Normal F-18 FDG Distibution in PET/CT Imaging
This radiotracer, which enters cells through glucose transporters and thus represents glycolytic rate of cells, is used to find many forms of cancers.
PET imaging is based on detecting coincident gamma photos from annhiliation events, thus providing higher resolution images than single photon imaging.
Go back to Oncology (PET) imaging.
PET imaging is based on detecting coincident gamma photos from annhiliation events, thus providing higher resolution images than single photon imaging.

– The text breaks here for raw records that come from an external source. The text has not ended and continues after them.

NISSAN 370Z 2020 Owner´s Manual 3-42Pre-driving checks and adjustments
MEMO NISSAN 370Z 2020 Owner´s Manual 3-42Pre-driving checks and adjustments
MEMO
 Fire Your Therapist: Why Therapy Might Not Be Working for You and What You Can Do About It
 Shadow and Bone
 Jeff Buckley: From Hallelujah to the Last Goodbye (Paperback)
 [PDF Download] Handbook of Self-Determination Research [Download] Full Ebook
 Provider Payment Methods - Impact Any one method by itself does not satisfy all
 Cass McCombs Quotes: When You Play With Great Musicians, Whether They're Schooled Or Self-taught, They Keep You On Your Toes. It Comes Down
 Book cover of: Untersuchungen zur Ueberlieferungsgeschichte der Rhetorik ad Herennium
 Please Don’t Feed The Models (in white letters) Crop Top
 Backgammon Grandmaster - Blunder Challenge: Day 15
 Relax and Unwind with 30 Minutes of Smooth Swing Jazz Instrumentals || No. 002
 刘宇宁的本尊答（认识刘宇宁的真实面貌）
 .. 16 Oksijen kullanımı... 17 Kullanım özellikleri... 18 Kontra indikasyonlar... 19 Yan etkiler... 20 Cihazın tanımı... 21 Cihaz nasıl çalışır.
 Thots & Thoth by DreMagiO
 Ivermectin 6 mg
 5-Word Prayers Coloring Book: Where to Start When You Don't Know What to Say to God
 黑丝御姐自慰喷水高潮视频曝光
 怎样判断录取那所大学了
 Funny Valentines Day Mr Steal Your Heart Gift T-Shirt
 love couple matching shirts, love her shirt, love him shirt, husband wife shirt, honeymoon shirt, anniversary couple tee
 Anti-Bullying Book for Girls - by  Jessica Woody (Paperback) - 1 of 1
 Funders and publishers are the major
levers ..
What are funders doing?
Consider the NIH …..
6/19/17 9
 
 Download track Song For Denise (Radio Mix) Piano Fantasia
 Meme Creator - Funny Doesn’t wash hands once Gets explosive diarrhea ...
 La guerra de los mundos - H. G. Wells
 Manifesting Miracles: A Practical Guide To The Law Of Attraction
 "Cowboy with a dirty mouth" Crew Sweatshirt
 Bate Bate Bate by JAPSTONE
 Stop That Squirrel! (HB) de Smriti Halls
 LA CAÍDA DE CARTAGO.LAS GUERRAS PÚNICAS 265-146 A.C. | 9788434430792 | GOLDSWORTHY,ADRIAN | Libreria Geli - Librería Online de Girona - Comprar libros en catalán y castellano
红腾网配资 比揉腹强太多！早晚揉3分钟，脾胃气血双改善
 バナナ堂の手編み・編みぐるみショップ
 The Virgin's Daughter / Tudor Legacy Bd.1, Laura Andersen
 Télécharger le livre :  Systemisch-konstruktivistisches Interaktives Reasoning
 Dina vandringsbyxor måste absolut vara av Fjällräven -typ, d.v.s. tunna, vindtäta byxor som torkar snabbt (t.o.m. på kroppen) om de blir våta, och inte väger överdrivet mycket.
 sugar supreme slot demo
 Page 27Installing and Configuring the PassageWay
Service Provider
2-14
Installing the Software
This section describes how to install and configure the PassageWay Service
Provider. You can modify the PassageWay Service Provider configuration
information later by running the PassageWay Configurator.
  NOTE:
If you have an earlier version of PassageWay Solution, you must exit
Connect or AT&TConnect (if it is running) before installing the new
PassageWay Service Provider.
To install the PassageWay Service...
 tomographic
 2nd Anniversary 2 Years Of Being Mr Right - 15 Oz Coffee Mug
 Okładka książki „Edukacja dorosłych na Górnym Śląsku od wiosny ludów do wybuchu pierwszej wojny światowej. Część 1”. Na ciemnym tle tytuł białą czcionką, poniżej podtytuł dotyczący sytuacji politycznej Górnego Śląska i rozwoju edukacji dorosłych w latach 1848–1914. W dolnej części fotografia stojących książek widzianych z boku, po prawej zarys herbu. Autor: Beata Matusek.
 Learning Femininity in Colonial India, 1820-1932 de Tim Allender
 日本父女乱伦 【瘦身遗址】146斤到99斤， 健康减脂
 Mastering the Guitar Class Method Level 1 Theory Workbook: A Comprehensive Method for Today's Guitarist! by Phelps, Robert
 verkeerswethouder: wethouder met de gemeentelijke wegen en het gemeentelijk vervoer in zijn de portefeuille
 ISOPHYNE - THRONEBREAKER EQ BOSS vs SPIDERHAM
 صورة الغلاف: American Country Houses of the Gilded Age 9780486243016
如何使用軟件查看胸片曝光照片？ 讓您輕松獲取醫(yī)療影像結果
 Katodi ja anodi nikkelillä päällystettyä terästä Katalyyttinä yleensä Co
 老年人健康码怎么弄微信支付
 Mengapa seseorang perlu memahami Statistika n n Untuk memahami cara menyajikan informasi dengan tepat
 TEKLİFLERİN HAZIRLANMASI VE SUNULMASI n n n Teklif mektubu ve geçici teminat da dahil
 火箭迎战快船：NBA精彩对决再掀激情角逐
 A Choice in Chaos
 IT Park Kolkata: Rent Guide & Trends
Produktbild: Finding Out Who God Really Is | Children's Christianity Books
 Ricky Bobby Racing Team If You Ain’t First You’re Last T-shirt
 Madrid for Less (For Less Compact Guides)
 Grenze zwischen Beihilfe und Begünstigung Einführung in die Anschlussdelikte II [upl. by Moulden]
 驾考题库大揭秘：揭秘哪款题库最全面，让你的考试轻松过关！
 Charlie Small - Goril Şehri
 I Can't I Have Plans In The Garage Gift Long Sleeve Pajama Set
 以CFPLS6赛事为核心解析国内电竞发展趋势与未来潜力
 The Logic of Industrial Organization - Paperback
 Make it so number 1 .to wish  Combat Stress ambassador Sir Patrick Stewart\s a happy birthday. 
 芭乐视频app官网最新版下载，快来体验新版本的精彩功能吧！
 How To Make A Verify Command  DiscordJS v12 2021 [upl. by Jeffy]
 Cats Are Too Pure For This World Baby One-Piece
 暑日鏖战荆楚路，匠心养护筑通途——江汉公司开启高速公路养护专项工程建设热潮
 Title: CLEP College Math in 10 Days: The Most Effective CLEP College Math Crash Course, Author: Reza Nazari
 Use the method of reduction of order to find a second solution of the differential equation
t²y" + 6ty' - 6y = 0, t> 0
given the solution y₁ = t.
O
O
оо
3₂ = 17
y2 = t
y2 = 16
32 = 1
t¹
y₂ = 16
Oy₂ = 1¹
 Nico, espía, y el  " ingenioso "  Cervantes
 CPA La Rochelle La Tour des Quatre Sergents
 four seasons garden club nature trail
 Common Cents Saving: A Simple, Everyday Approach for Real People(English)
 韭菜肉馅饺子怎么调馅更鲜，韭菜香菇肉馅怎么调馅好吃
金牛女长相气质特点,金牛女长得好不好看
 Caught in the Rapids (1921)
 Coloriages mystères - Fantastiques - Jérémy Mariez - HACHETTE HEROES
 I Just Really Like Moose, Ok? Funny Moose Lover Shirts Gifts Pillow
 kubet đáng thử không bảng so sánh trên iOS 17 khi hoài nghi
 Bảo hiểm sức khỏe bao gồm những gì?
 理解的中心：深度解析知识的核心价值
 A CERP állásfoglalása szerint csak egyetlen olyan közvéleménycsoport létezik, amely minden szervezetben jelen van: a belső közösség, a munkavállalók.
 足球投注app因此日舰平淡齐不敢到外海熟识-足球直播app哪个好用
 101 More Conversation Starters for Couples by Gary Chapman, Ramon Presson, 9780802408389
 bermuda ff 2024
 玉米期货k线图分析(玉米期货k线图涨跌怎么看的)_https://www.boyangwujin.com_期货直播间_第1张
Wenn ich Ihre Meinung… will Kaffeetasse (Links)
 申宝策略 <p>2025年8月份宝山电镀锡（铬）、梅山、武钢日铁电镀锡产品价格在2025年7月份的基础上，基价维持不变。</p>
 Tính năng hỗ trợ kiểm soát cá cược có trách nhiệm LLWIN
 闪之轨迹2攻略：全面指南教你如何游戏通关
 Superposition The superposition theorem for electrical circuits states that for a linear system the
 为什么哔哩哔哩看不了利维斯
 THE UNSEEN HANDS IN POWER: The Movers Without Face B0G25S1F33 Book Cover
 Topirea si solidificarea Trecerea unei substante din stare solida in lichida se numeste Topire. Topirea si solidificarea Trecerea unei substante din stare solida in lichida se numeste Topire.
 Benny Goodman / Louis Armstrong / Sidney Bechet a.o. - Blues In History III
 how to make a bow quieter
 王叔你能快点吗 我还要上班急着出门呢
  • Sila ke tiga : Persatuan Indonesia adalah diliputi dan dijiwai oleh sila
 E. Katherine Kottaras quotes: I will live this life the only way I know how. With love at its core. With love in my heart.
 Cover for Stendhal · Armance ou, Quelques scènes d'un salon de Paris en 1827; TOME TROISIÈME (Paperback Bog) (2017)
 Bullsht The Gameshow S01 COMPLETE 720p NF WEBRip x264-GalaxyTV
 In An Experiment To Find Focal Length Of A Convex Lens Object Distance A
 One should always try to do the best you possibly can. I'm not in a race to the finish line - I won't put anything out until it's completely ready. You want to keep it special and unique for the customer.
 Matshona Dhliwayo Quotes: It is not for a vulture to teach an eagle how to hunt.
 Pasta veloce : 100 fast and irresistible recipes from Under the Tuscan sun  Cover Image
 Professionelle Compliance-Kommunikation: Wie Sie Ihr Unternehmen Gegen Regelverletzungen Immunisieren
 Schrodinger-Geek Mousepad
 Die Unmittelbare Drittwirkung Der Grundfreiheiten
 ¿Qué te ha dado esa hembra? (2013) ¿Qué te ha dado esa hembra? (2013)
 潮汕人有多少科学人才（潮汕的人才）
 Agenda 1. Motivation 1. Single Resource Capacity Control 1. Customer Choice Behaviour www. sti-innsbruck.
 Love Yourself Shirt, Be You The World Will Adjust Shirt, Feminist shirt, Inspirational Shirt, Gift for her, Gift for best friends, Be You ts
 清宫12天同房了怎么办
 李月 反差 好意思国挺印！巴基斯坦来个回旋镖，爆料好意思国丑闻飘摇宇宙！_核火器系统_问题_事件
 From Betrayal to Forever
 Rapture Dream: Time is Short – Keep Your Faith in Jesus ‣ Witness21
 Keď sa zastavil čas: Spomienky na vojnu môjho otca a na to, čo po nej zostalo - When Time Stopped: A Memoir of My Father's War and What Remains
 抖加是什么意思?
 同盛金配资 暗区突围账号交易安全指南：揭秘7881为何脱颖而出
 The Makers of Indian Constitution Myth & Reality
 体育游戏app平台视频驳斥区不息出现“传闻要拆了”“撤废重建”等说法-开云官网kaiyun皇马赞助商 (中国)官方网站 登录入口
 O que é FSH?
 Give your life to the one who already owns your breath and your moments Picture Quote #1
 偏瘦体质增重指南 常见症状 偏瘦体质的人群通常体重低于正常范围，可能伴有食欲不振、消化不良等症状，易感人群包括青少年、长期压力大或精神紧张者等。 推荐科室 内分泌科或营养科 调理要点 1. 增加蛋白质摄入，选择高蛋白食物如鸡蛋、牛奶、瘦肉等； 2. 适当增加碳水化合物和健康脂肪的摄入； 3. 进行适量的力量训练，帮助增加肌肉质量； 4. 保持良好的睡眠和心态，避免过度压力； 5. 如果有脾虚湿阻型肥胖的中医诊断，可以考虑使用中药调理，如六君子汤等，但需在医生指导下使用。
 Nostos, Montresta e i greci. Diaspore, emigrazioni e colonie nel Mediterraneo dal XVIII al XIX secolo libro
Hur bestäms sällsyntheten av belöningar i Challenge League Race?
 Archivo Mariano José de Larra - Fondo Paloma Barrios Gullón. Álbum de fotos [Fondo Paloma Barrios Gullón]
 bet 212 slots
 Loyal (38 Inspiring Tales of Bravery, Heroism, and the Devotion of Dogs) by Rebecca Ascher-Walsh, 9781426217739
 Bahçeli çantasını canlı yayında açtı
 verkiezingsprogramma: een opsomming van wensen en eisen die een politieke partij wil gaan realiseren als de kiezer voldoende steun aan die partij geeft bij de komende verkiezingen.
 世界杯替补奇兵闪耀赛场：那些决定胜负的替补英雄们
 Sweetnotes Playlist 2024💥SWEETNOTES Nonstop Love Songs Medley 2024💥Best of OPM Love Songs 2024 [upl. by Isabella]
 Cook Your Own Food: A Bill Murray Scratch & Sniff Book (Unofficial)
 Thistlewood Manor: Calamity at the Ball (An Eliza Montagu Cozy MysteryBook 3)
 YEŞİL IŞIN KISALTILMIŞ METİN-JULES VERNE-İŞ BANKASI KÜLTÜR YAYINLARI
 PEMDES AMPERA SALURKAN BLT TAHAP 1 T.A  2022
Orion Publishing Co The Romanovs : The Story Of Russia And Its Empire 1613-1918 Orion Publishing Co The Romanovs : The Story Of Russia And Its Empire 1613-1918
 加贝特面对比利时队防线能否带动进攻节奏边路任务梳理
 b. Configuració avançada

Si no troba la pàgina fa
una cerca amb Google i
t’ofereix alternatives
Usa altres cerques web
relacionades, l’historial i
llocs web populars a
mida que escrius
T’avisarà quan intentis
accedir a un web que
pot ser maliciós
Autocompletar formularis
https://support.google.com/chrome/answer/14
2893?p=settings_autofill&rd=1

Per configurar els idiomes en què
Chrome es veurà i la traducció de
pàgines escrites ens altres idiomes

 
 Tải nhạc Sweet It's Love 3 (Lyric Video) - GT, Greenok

Go back to Oncology (PET) imaging.
Normal Biodistribution

According to Essentials of Nuclear Imaging, Physiologic FDG distribution is typically:
20-40% into urine by 2nd hour
7% into brain
4.5% into liver
3.3% into heart
1.7% into red bone marrow
1.3% into kidneys
0.9% into lungs
Cerebral cortex, basal ganglia and thalami (i.e., the grey matter) have high FDG activity because these tissues are very metabolically active and use glucose as their primary substrate.
Vocal cords at rest are mildy to not FDG-avid. But talking can cause the vocal cords to become FDG-avid.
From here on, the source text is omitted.